Look through the data below, and copy each line that carries the word "Print".

[EXTRACTED ENTRIES Boundary: Start]

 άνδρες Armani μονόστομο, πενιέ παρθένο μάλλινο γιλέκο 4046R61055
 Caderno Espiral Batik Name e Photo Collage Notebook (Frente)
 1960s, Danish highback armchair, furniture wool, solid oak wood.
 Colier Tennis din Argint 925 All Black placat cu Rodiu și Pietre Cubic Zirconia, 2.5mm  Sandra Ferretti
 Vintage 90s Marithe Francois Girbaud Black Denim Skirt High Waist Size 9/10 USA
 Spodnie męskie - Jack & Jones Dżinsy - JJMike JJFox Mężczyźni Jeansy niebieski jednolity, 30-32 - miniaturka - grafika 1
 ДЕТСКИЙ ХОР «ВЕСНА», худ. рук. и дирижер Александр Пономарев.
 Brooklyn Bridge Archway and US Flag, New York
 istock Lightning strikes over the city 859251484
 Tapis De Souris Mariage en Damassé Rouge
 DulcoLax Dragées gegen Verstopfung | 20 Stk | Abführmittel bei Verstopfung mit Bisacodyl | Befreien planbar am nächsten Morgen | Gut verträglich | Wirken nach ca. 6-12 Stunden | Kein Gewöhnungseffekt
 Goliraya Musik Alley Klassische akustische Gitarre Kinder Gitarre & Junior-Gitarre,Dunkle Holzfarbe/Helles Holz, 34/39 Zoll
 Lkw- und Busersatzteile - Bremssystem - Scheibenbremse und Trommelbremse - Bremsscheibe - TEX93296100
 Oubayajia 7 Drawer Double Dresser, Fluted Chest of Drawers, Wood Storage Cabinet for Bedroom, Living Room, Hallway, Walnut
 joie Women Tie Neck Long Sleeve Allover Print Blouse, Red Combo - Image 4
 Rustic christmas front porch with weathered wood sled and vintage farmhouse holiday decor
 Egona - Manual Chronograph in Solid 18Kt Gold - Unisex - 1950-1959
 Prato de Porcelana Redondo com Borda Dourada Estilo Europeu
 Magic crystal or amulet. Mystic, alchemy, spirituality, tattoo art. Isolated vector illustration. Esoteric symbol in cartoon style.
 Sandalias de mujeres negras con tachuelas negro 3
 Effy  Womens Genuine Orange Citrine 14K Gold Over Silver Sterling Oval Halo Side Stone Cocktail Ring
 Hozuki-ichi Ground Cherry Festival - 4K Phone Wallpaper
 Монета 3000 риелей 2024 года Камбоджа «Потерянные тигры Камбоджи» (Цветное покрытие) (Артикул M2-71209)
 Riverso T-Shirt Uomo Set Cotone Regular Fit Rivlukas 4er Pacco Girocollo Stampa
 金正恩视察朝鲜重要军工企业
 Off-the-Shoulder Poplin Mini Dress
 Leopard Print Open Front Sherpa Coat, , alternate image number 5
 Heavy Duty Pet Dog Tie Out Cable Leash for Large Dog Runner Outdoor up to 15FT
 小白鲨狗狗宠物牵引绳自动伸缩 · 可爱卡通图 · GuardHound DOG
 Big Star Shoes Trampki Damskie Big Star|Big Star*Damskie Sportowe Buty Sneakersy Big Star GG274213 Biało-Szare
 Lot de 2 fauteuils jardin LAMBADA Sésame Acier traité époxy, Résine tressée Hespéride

[EXTRACTED ENTRIES Boundary: End]

▸ **YOUR SOLUTION**:
 joie Women Tie Neck Long Sleeve Allover Print Blouse, Red Combo - Image 4
 Leopard Print Open Front Sherpa Coat, , alternate image number 5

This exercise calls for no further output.